DATA FOR THIS EXERCISE —

'''

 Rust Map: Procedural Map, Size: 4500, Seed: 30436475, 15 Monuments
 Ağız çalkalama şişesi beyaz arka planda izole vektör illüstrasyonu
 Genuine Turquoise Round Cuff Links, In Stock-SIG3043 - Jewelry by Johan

'''
'''

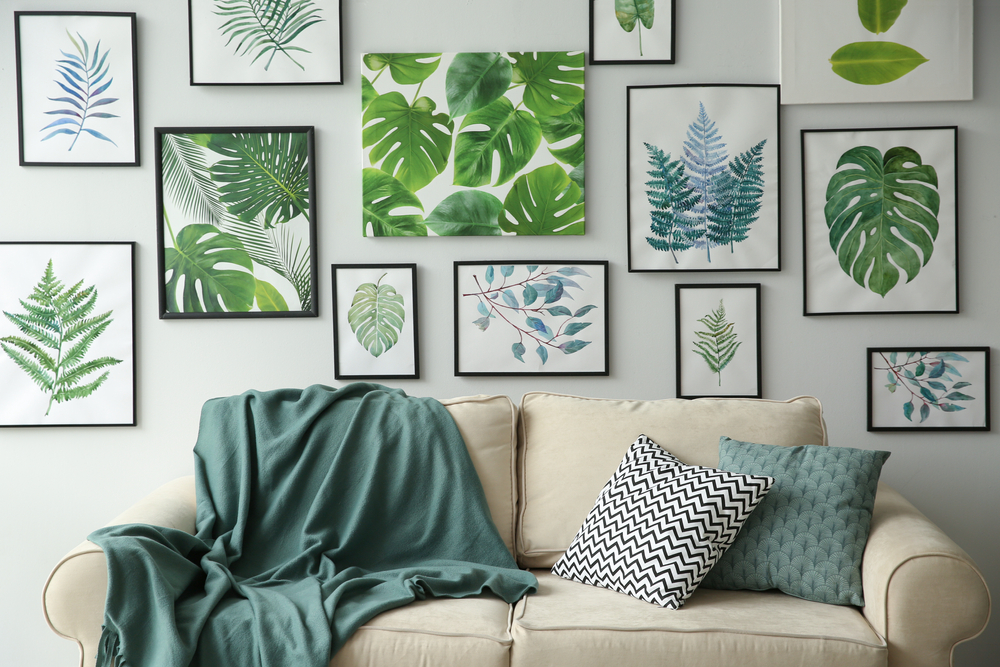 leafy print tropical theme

'''
'''

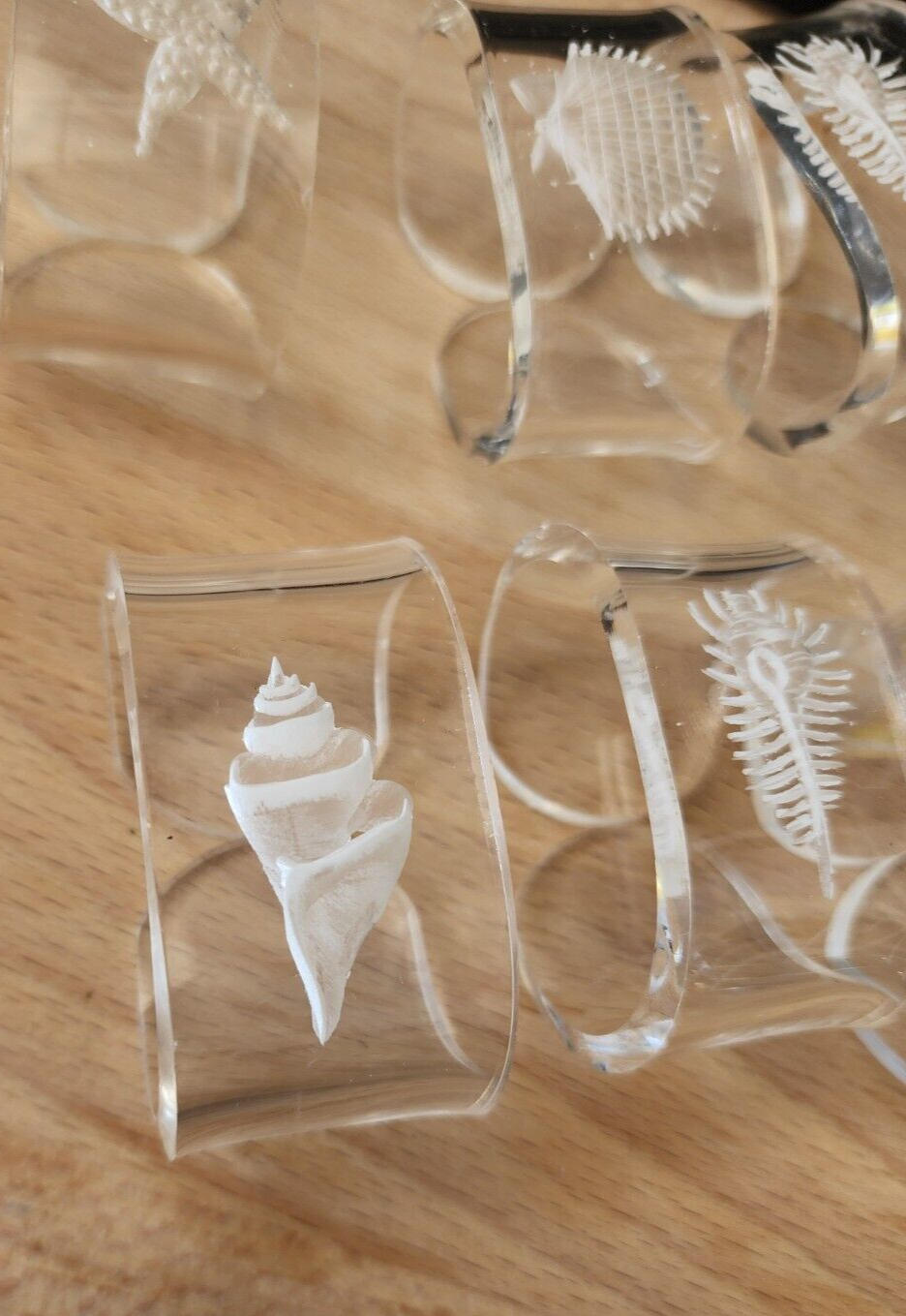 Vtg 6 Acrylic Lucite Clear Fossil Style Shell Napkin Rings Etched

'''

Look above for the line with "Rust Map: Procedural" and the line with "Genuine Turquoise Round", and reproduce exactly those two lines plus every line between, nothing more.

 Rust Map: Procedural Map, Size: 4500, Seed: 30436475, 15 Monuments
 Ağız çalkalama şişesi beyaz arka planda izole vektör illüstrasyonu
 Genuine Turquoise Round Cuff Links, In Stock-SIG3043 - Jewelry by Johan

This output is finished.